Chegou pontualmente no horário, segurando um envelope em mãos, fazendo o mesmo ritual: deixou a mochila na mesa, retirando a lista de presença e observando de modo sério todos os alunos devidamente sentados. Voltou-se para o envelope de onde tirou um bloco com folhas brancas e grampeadas.
- Bonjour. Je veux juste un stylo, un crayon et une gomme sur vos tables. Les téléphones portables sont éteints. Je veux que personne ne regarde autour de moi. Et pour m'en assurer, je vous observerai du fond de la pièce.
(Bom dia. Só quero caneta, lápis e borracha nas mesas de vocês. Celulares desligados. Não quero ninguém olhando para os lados. E para ter certeza disso, eu estarei observando vocês do fundo da sala.)

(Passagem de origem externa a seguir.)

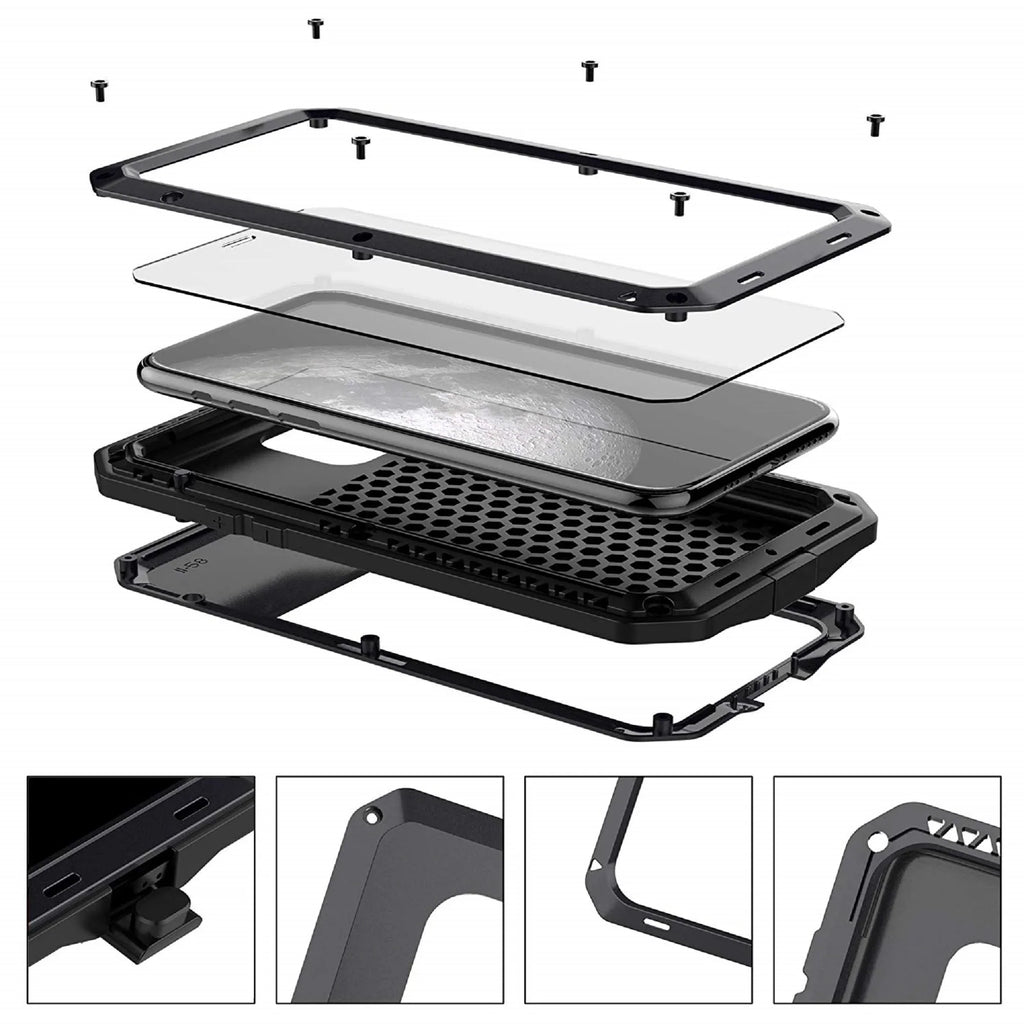 Gorilla Glass Aluminum Metal iPhone 6 Plus Case (Black) Heavy Duty Military Grade Shockproof and Scratch Protection, Rugged Outdoor Travel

Enquanto ele falava, percebi que a sua barba estava um pouco maior do que de costume. Preparar provas exigia muito, deveria estar sem tempo para se cuidar e fora esse detalhe, ele estava impecavelmente bem arrumado.
Os alunos estavam em total silêncio mas a atmosfera pesada pairava na sala. O professor começou a caminhar de mesa em mesa distribuindo as provas. Logo que recebi a minha, veio o pânico: folheei e então vi que eram seis páginas. As três primeiras folhas dedicadas ao poema estudado e o restante abordava a Literatura Medieval Francesa em geral. Todas as questões eram discursivas. Engoli em seco. Ao término da distribuição, ele deixou o envelope vazio na mesa, pegou a sua cadeira e se dirigiu ao fundo da sala onde se sentou. Ouço a voz do Frederik, o representante da turma, sentado algumas mesas atrás de mim.

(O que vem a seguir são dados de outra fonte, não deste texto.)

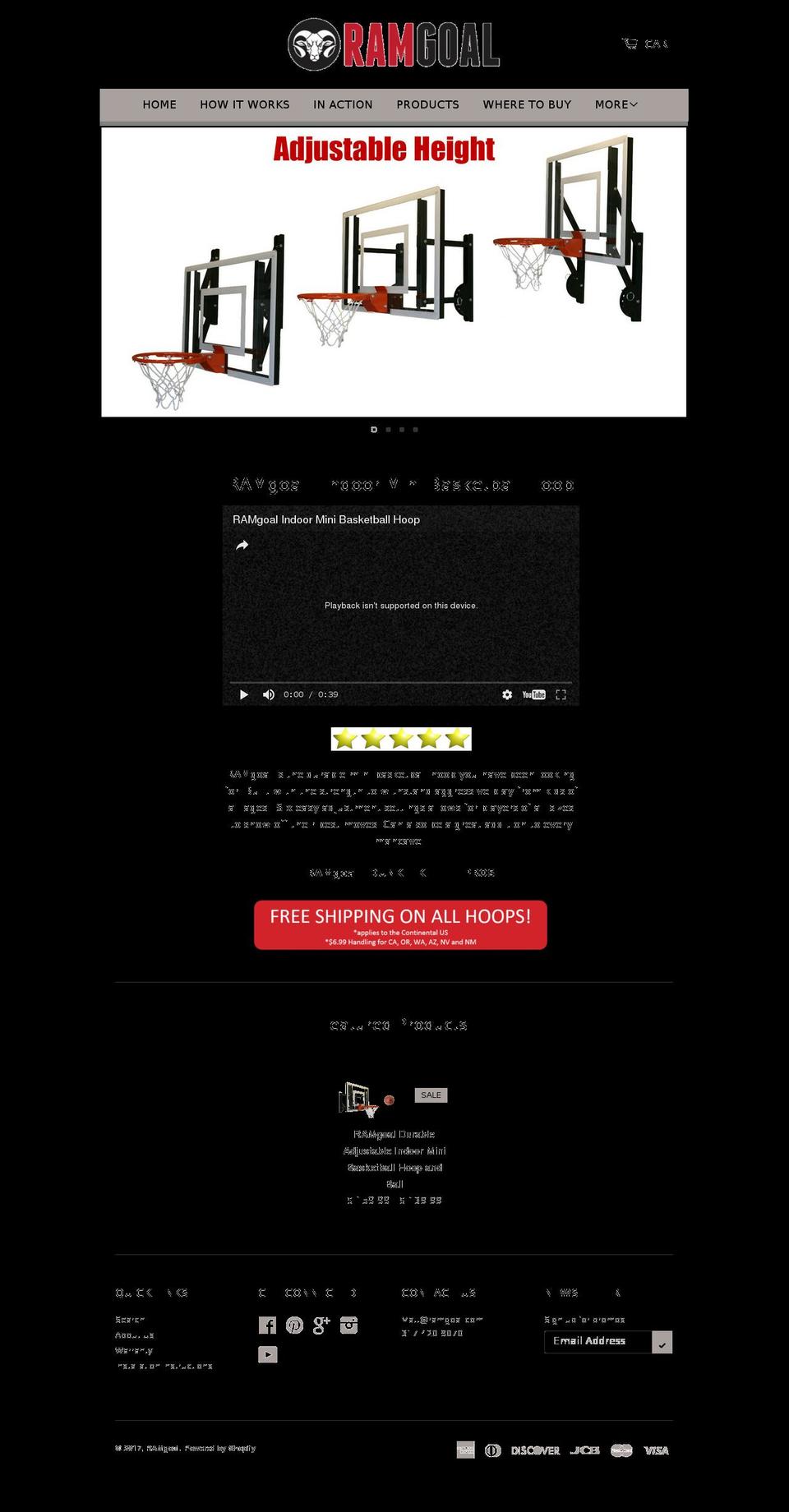 ramgoal.com shopify website screenshot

- Professeur, puis-je poser une question?
- Avez-vous étudié pour l'examen?
- Oui professeur, mais...
(- Professor, posso tirar uma dúvida?
- Você estudou para a prova?
- Sim professor, mas...)
E antes que ele terminasse de responder a sua rispidez habitual não perdoou.
- Si vous avez étudié pour l'examen, vous n'avez aucun doute! - e virou se para todos - Vous aurez les deux périodes de notre cours pour passer le test. Tu peux commencer!
(Se você estudou para a prova, você não tem dúvidas! Vocês terão os dois períodos da nossa aula para fazerem a prova. Podem começar!)
Aquela resposta grosseira me gelou a nuca. E se eu tivesse com alguma dúvida? E se me surgisse um branco? Eu precisava me acalmar. Respirei fundo e iniciei a leitura das questões calmamente respondendo-as à lapis. Um erro de caneta poderia ser fatal. Pouco mais de duas horas era o tempo disponível. Nas provas das outras disciplinas, teríamos o mesmo tempo então porque a prova dele estava me deixando desse jeito? Talvez porque mais uma vez eu queria que ele me notasse conseguindo uma boa nota, talvez por medo de eu não conseguir. Será que sem nenhuma demonstração, ele estava no aguardo do meu desempenho? E porque em um momento de tensão máxima eu estava sonhando com o fato dele reparar em mim?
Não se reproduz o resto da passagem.